16 de abril de 2012

Jovens dormem na calçada para fazer alistamento militar no RJ

'Guerra' para pegar senha do alistamento militar no Rio

Diogo Dias
Jovens enfrentam nove horas de fila, dormem na calçada e, às vezes, saem de mãos vazias
Na Praça Seca, jovens dormem na calçada à espera da abertura da Junta Militar de Jacarepaguá | Foto: Diogo Dias / Agência O Dia

A madrugada nem começou, e os primeiros jovens já começam a montar acampamento na Praça Seca, Jacarepaguá. Preparados para enfrentar uma ‘guerra’, logo recebem a companhia de dezenas de adolescentes. Todos têm a mesma missão: conseguir a senha para o alistamento no serviço militar obrigatório após até nove horas de espera. Na sexta-feira, um deles que dormia na calçada foi acordado por um ovo atirado em sua perna.
A partir de carta enviada pelo leitor Josias Barbosa, o ‘Repórter X’ acompanhou durante dois dias o sufoco dos jovens na Junta Militar de Jacarepaguá. Muitos estão lá pela segunda, terceira ou até quarta vez. Ao relento, enfrentam a insegurança da madrugada.
Primeiro da fila na madrugada de sexta-feira, J., 18 anos, chegou pouco depois da meia-noite e ficou sem dormir para garantir o lugar. Depois, esperou até as 10h para preencher formulário: “É a terceira vez que venho. Nas outras, cheguei às 3h e não consegui senha. Como está acabando o prazo, vim mais cedo” . Jovens contaram que, diariamente, são distribuídas 80 senhas.
Nem todos têm a mesma disposição e acabam dormindo na calçada. “Peguei papelão no lixo para forrar o chão. Fiquei receoso com as baratas, mas estava caindo de sono e não resisti. Viram até rato aqui. Falta respeito com quem vem se alistar para servir o País”, critica F., 17, morador de Jacarepaguá.
Já E., 17, foi alvo de ‘ovada’ enquanto dormia sentado na calçada. “Sujou minha calça e os documentos que vou entregar. Pior que não vai dar tempo de passar em casa para trocar de roupa antes do trabalho. É absurdo o que temos que passar aqui”, reclama. J., 17, que se revezou com dois amigos. Um vigiava enquanto os outros dormiam. “É muito escuro e não temos segurança”.

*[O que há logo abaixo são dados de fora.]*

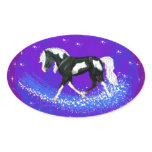 Dazzle Paint Horse Oval Stickers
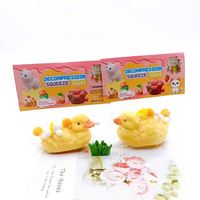 Jouets anti-stress personnalisés en gros : Canards simulés collants, animaux mignons, jouets sensoriels pour réduire l'anxiété, jouets souples à presser et à rebondir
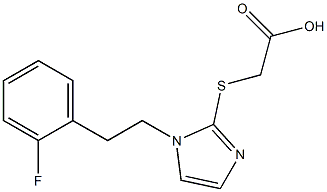 2-({1-[2-(2-fluorophenyl)ethyl]-1H-imidazol-2-yl}sulfanyl)acetic acid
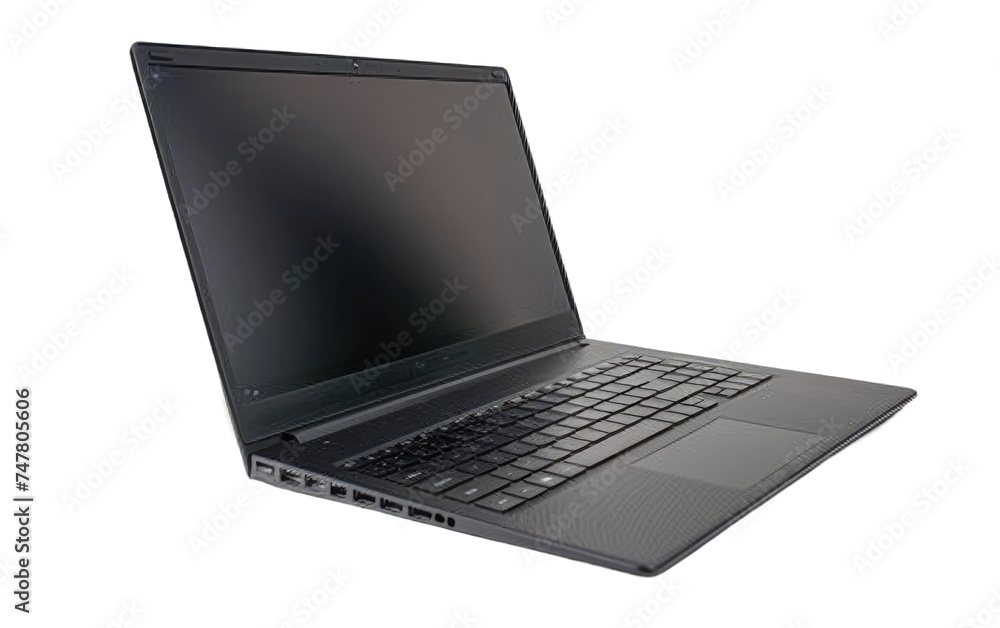 Laptop Computer isolated on transparent Background Laptop Computer isolated on transparent Background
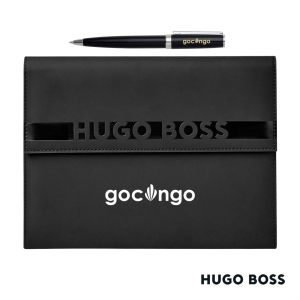 Hugo Boss® Ballpoint Pen & A5 Folder Set 1 Hugo Boss® Ballpoint Pen & A5 Folder Set 1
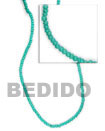 2-3mm Aqua Green Coco Coco Beads Coconut Necklace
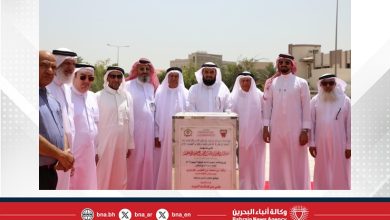 صورة رئيس مجلس الأوقاف السنية يضع حجر الأساس لمسجد علي بن هاشم السيد بالمحافظة الجنوبية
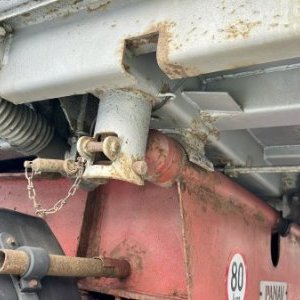 foto 3os 27/24t přívěs sklápěč Panav bordmatik zvedačka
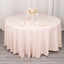 Premium Polyester 120" Round Tablecloth Blush - Seamless 220GSM Wrinkle-Resistant Table Cover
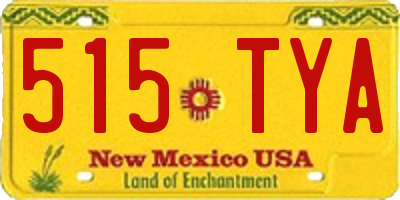 NM license plate 515TYA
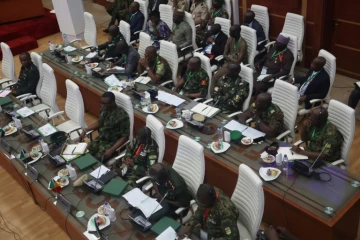 Réunion des chefs d'état-major de la Communauté économique des États de l’Afrique de l’Ouest (Cedeao), à propos du putsch au Niger, le 2 août 2023 à Abuja au Nigeria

Nova espera até o segundo ‘round’
Entrada de agência bancária é usada como abrigo para os que enfrentam a fila da Junta da Praça Seca | Foto: Diogo Dias / Agência O Dia
A fila da senha acaba por volta das 7h, mas a batalha continua: os jovens precisam voltar à Junta Militar entre 10h e meio-dia para preencher formulário. A maioria espera dormindo na praça em frente. “Não aguentei e tirei um cochilo no banco. Vou trabalhar depois e precisava descansar um pouco”, explica R., 21.
O tamanho da fila varia conforme a Junta em que o jovem vai se alistar, mas ele só pode recorrer à unidade mais próxima de sua casa. Na Junta de Bangu, também é preciso madrugar. “Cheguei às 5h30 e tinha 20 pessoas na minha frente”, comentou Rafael, 17.

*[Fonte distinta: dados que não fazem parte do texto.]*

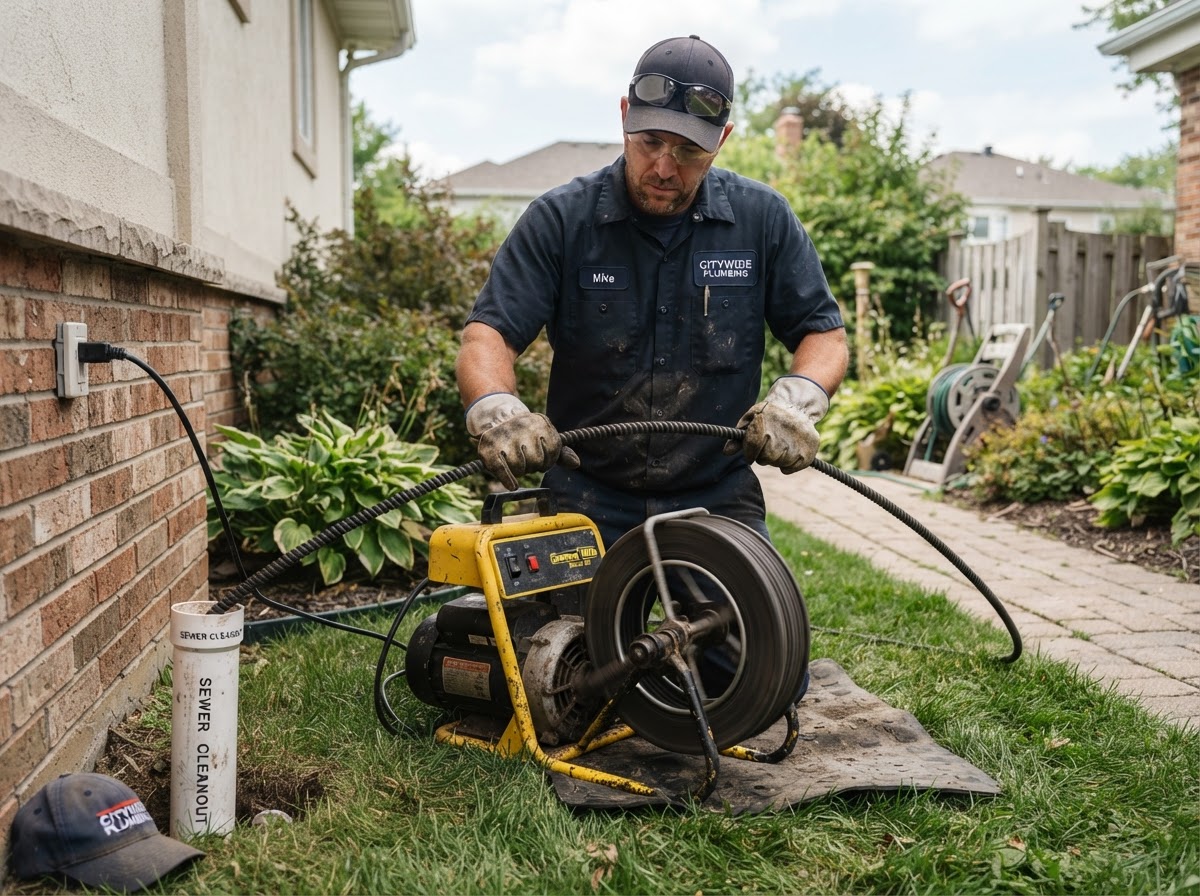 Main Line & Sewer Line Clearing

Punições para quem não ‘cumprir a missão’
Homens brasileiros que não se alistam no serviço militar obrigatório sofrem restrições como não poder prestar concurso público, se matricular em universidades ou tirar passaporte. Aos 23 anos, o garçom E. ainda tenta se alistar. Ele procurou a Junta de Jacarepaguá em anos anteriores, mas nunca conseguiu a senha. Agora, quer o certificado de reservista para fazer concurso:
“Vim duas vezes antes de completar 18 anos, mas não consegui. No dia que cheguei cedo, avisaram que não teria expediente. Só voltei agora para conseguir tocar a minha vida”.
O alistamento deve ser feito nos primeiros seis meses do ano em que o brasileiro completa a maioridade. Quem perde o prazo, paga multa de R$ 1,46 por ano de atraso.
Em nota, o Ministério da Defesa diz que a responsabilidade pelo atendimento é das prefeituras e que elas são orientadas a preparar estruturas adequadas à demanda. Por problemas que considera pontuais, o Ministério tenta aproximar o alistamento militar do eleitoral. Já a Prefeitura do Rio argumenta que houve grande aumento de procura e que está fazendo levantamento do atendimento nas Juntas para distribuir melhor os servidores.
Nesta seção, o jornalista vivencia a situação alvo da reportagem. Na maioria das vezes, não se identifica como repórter.